Having Fun in the Grey Areas

This morning I woke up to an email from a good friend of mine asking me to read and provide feedback on his most recent blog post. We have previously worked together and for a time I ghost wrote/edited/shut down his pieces for news outlets as well as his own blogs. Our very different writing styles provided for a fun mashup. However, one of my biggest overarching criticisms of his writing is that he writes in generalized absolutes. By that I mean that he makes a statement about all people being a certain way. For example, he might say “All people who wear pink like horses.” Whereas I would lob back “Many of the people I have met who wear pink also like horses.” Now, saying that wearing pink and liking horses are related is a statement with relatively low, if any, negative repercussions. At the risk of giving away who I am talking about, a more likely thing he might write is “People who watch the Jersey Shore are stupid.” That statement has, when written, a number of negative repercussions.

  1. Someone who watches the Jersey Shore feels immediately insulted. (I watch it on occasion and am pretty sure I am not stupid)
  2. They stop reading your article/blogpost or stop watching your show to avoid further insult.
  3. They, who you are actually trying to target and convert to your cause, never get the point of what you wrote because they were so turned off in the first few lines.

Basically, you’ve shot yourself in the foot.

What I am talking about here are, in a generalized form, grey areas. Grey areas are awesome. When we find ourselves in a grey area ideologically it is like being in a big swimming pool, we start trying to swim for the closest wall but each time we get close to one we realize it isn’t the one we should be at. My friend, understandably, seems to be so afraid of them that he would rather go for an absolute statement that alienates people then be in the middle.

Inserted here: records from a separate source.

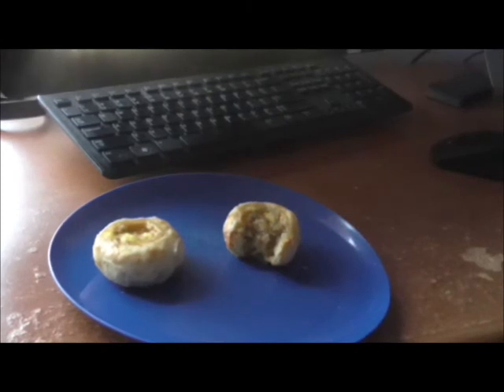I'm also going to review the bacon ones later down the line, so look for that review. Until the next video, please rate, comment, and subscribe.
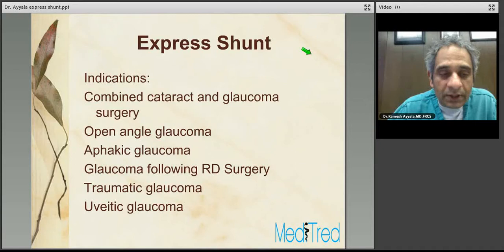What are the indications for Express Shunt? They're similar to a trabeculectomy procedure. Any patient with open angles, deep chambers, and elevated intraocular pressure poorly controlled with glaucoma medications is a good candidate. This includes combined cataract-glaucoma surgery, open-angle glaucoma, aphakic glaucoma, glaucoma following retinal detachment surgery, traumatic glaucoma, and uveitic glaucoma — most glaucomas with open angles and deep chambers where the IOP is poorly controlled.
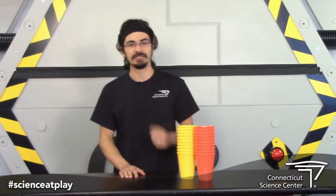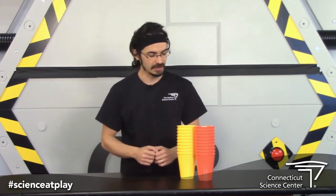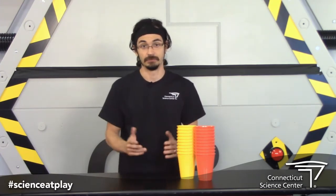It's really simple. All you'll need are some cups of the same kind — we're using 20. The goal is to create the largest cup tower you can. Challenge a friend or family member to see who can make the tallest. Think of an idea and get started. Good luck.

A physical example that I like to throw around is the length of a girls work skirt. It used to be that if your knees were showing it was inappropriate. Today that rule doesn’t hold. We know when a girls skirt is much to short because everyone stares and whispers about her in the office. We know that there isn’t really a situation where someone’s skirt is too long. What we don’t know is the exact length at which a skirt, no matter the wearer, passes from appropriate to inappropriate. To address this we make rules that err on the side of caution rather that tawdriness.

Similar to the wearing pink and liking horses example, the skirt length example is not one that really stimulates my brain. Yeah, it might come up at the weekly company meeting, but it rarely invigorates anyone for any length of time. Some fun and cerebrally stimulating grey areas are:

  • Is telling a lie always wrong? 
  • What won’t you forgive?
  • What is morality?
  • Any moral/life/ethical question you have pondered frequently but every time you think: “This is so confusing!”

Have fun in the grey areas rather than immediately choosing a side. They are often where the most stimulating conversation and satisfying results come from.